Reclassification of the specialized metabolite producer Pseudomonas mesoacidophila ATCC 31433 as a member of the Burkholderia cepacia complex.

Pseudomonas mesoacidophila ATCC 31433 is a Gram-negative bacterium, first isolated from Japanese soil samples, that produces the monobactam isosulfazecin and the ß-lactam-potentiating bulgecins. To characterize the biosynthetic potential of P. mesoacidophila ATCC 31433, its complete genome was determined using single-molecule real-time DNA sequence analysis. The 7.8-Mb genome comprised four replicons, three chromosomal (each encoding rRNA) and one plasmid. Phylogenetic analysis demonstrated that P. mesoacidophila ATCC 31433 was misclassified at the time of its deposition and is a member of the Burkholderia cepacia complex, most closely related to Burkholderia ubonensis The sequenced genome shows considerable additional biosynthetic potential; known gene clusters for malleilactone, ornibactin, isosulfazecin, alkylhydroxyquinoline, and pyrrolnitrin biosynthesis and several uncharacterized biosynthetic gene clusters for polyketides, nonribosomal peptides, and other metabolites were identified. Furthermore, P. mesoacidophila ATCC 31433 harbors many genes associated with environmental resilience and antibiotic resistance and was resistant to a range of antibiotics and metal ions.

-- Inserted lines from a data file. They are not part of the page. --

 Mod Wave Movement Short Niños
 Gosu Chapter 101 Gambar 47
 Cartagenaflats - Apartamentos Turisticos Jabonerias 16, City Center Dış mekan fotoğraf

In summary, this bioactive strain should be designated B. cepacia complex strain ATCC 31433, pending further detailed taxonomic characterization.IMPORTANCE This work reports the complete genome sequence of Pseudomonas mesoacidophila ATCC 31433, a known producer of bioactive compounds. Large numbers of both known and novel biosynthetic gene clusters were identified, indicating that P. mesoacidophila ATCC 31433 is an untapped resource for discovery of novel bioactive compounds. Phylogenetic analysis demonstrated that P. mesoacidophila ATCC 31433 is in fact a member of the Burkholderia cepacia complex, most closely related to the species Burkholderia ubonensis Further investigation of the classification and biosynthetic potential of P. mesoacidophila ATCC 31433 is warranted. Copyright © 2017 Loveridge et al.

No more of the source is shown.